> **Brief**
Every line from the one holding "2 Bedroom Property" to the end of the entries should be repeated exactly, with the pictures left out.

__________________________________________________

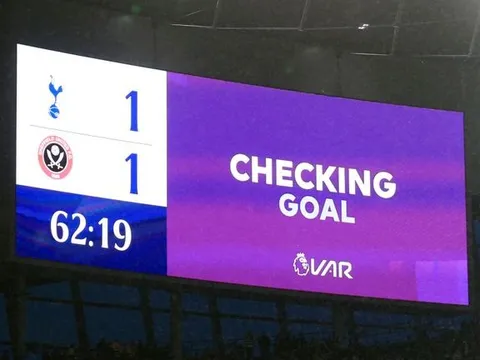 CHÍNH THỨC: Premier League ra quyết định trọng đại về VAR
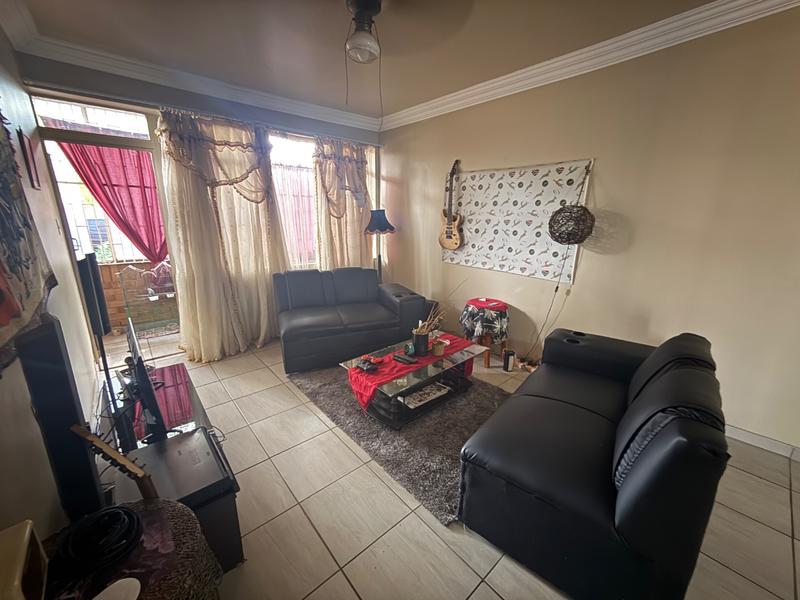 2 Bedroom Property for Sale in Vanderbijlpark Cw 6 Gauteng
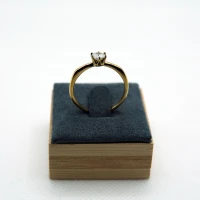 ANELLO SOLITARIO ORO GIALLO CON PUNTO LUCE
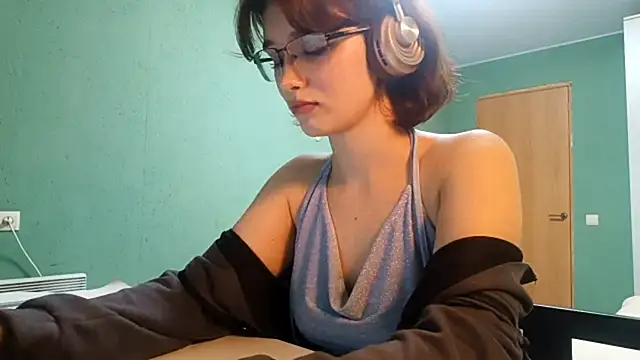 Snapshot of IcyKleys chatting on 10/25/25, 02:35 IcyKleys online show from 10/25/25, 02:35
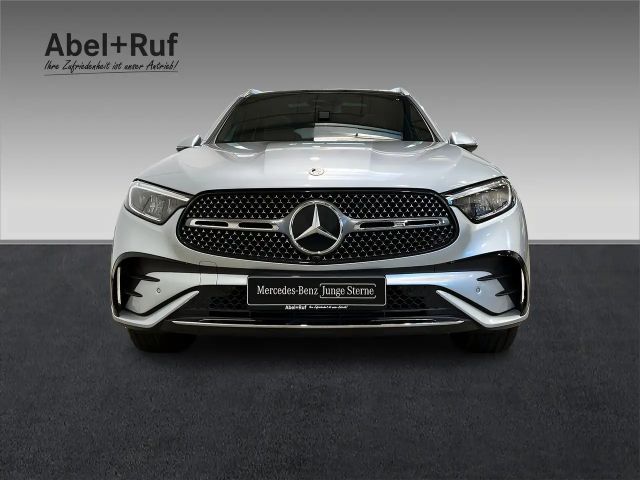 Mercedes-Benz GLC 200 4MATIC AMG Line
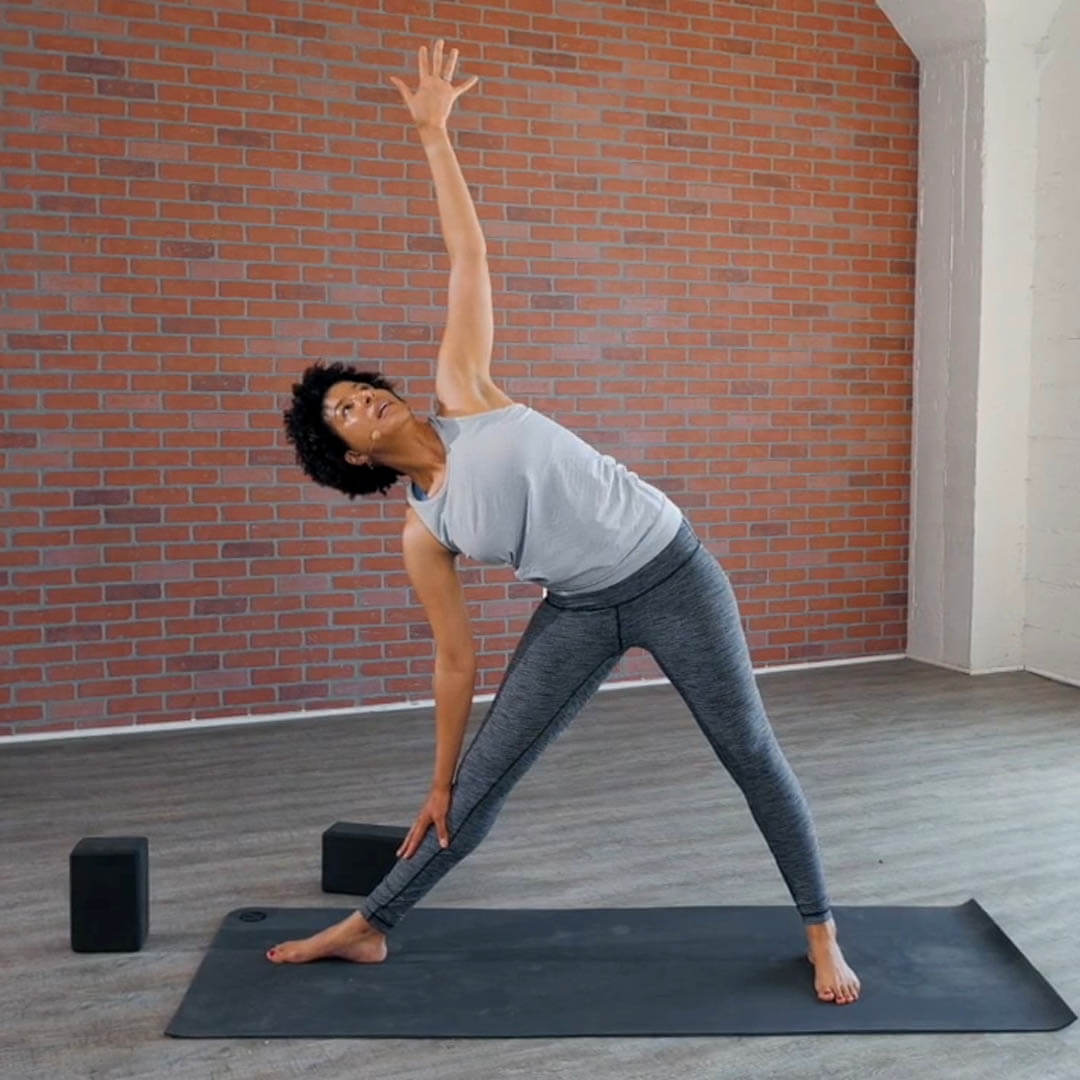 8 WAYS YOGA SOOTHES STRESS inner dimension blog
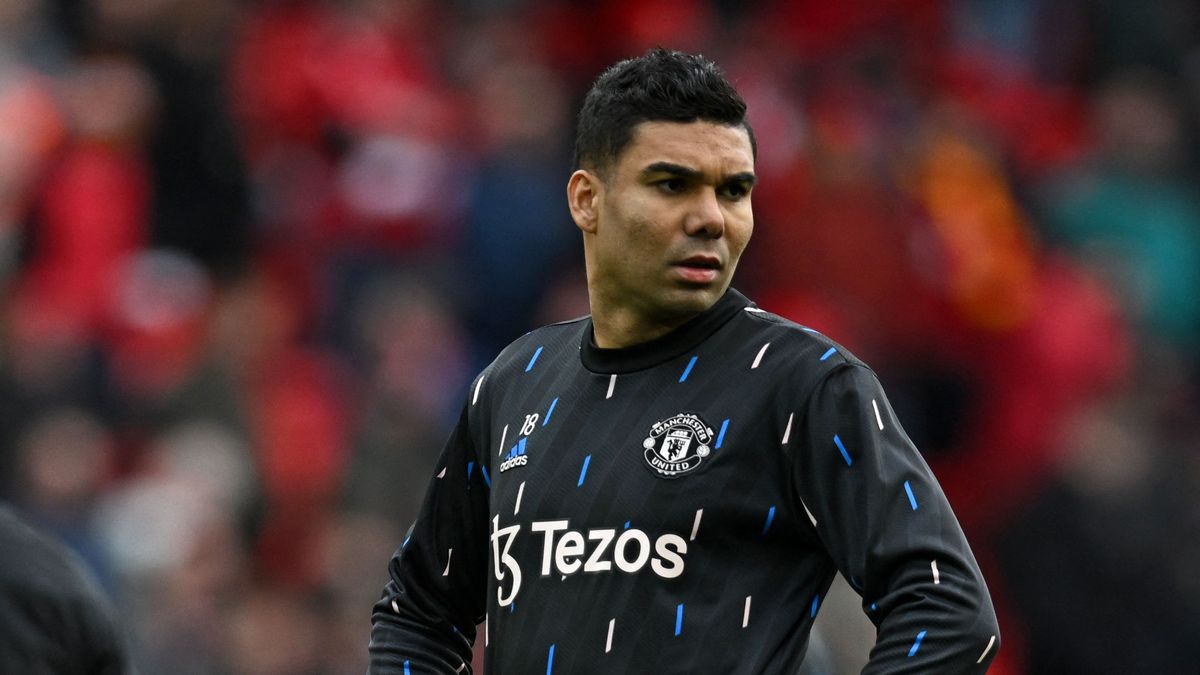 Casemiro facing threat of another Man Utd suspension after Crystal Palace red card - Bóng Đá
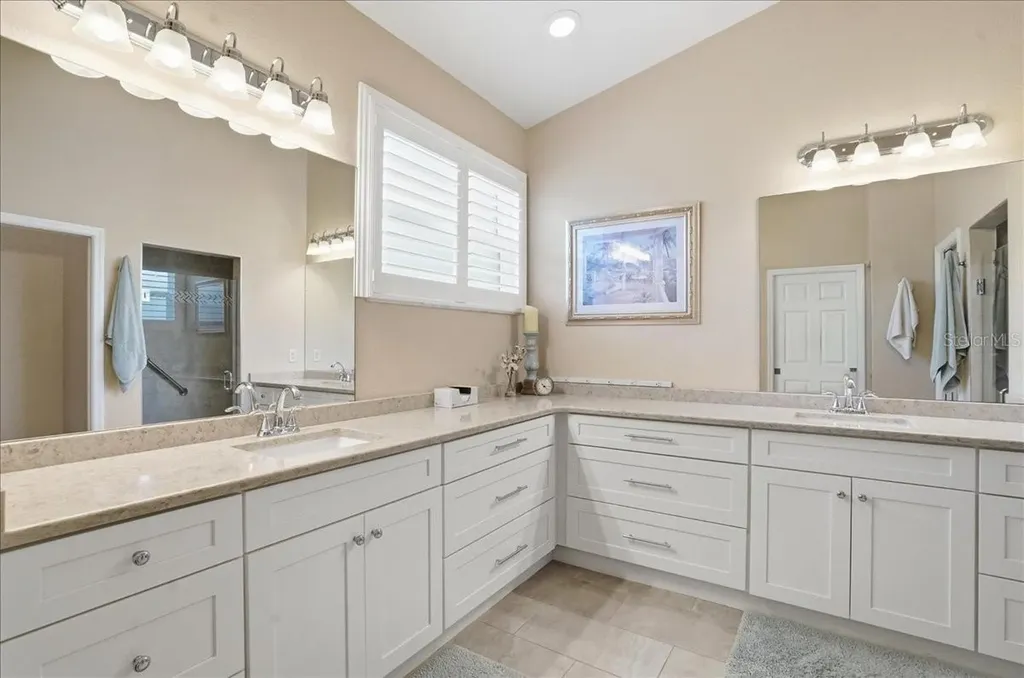 4246 65th Place E Sarasota FL 34243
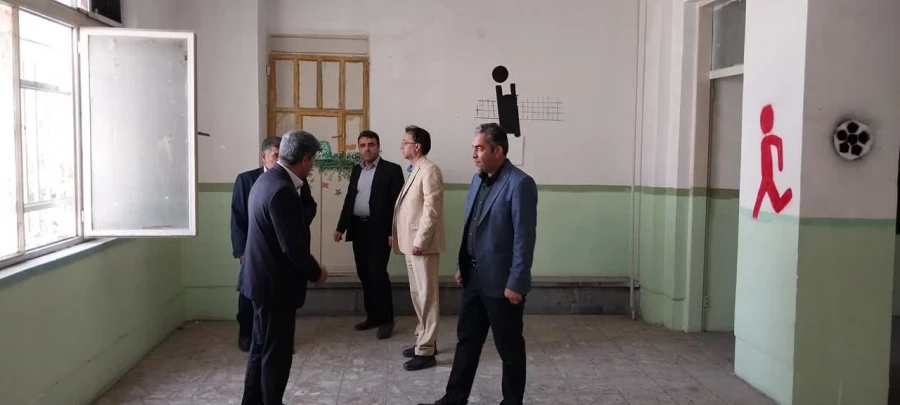 بازدید دکتر اسماعیل اولی از مدرسۀ همجوار مرکز آموزش عالی شهدای مکه 7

__________________________________________________

> **Output below**
 2 Bedroom Property for Sale in Vanderbijlpark Cw 6 Gauteng
 ANELLO SOLITARIO ORO GIALLO CON PUNTO LUCE
 Snapshot of IcyKleys chatting on 10/25/25, 02:35 IcyKleys online show from 10/25/25, 02:35
 Mercedes-Benz GLC 200 4MATIC AMG Line
 8 WAYS YOGA SOOTHES STRESS inner dimension blog
 Casemiro facing threat of another Man Utd suspension after Crystal Palace red card - Bóng Đá
 4246 65th Place E Sarasota FL 34243
 بازدید دکتر اسماعیل اولی از مدرسۀ همجوار مرکز آموزش عالی شهدای مکه 7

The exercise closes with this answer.